[[ LISTED RECORDS open ]]

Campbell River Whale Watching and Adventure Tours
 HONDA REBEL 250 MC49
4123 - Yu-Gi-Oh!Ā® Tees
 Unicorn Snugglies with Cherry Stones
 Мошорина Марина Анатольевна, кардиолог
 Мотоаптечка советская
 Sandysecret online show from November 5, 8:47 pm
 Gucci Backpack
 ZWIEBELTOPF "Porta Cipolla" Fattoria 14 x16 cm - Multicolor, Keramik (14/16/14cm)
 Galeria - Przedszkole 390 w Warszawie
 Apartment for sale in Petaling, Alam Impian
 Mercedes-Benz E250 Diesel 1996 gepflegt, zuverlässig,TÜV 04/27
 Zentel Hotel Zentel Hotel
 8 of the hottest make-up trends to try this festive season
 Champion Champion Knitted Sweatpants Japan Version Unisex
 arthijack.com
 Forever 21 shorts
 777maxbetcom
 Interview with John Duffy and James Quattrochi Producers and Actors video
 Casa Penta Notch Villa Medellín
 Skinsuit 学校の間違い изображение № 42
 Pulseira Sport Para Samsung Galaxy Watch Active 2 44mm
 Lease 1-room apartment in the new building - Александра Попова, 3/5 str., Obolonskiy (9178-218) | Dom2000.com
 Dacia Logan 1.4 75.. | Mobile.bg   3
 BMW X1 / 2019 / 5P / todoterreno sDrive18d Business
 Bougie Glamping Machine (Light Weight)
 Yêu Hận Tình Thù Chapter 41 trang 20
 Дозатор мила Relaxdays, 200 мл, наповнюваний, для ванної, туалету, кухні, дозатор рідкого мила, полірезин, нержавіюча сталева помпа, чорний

[[ LISTED RECORDS closed ]]

__WORK REQUIRED__
Look above for the line holding "HONDA REBEL 250 MC49", then set down exactly that line and every line after it up to and including the line holding "8 of the hottest", with nothing else.

__OUTPUT__
 HONDA REBEL 250 MC49
4123 - Yu-Gi-Oh!Ā® Tees
 Unicorn Snugglies with Cherry Stones
 Мошорина Марина Анатольевна, кардиолог
 Мотоаптечка советская
 Sandysecret online show from November 5, 8:47 pm
 Gucci Backpack
 ZWIEBELTOPF "Porta Cipolla" Fattoria 14 x16 cm - Multicolor, Keramik (14/16/14cm)
 Galeria - Przedszkole 390 w Warszawie
 Apartment for sale in Petaling, Alam Impian
 Mercedes-Benz E250 Diesel 1996 gepflegt, zuverlässig,TÜV 04/27
 Zentel Hotel Zentel Hotel
 8 of the hottest make-up trends to try this festive season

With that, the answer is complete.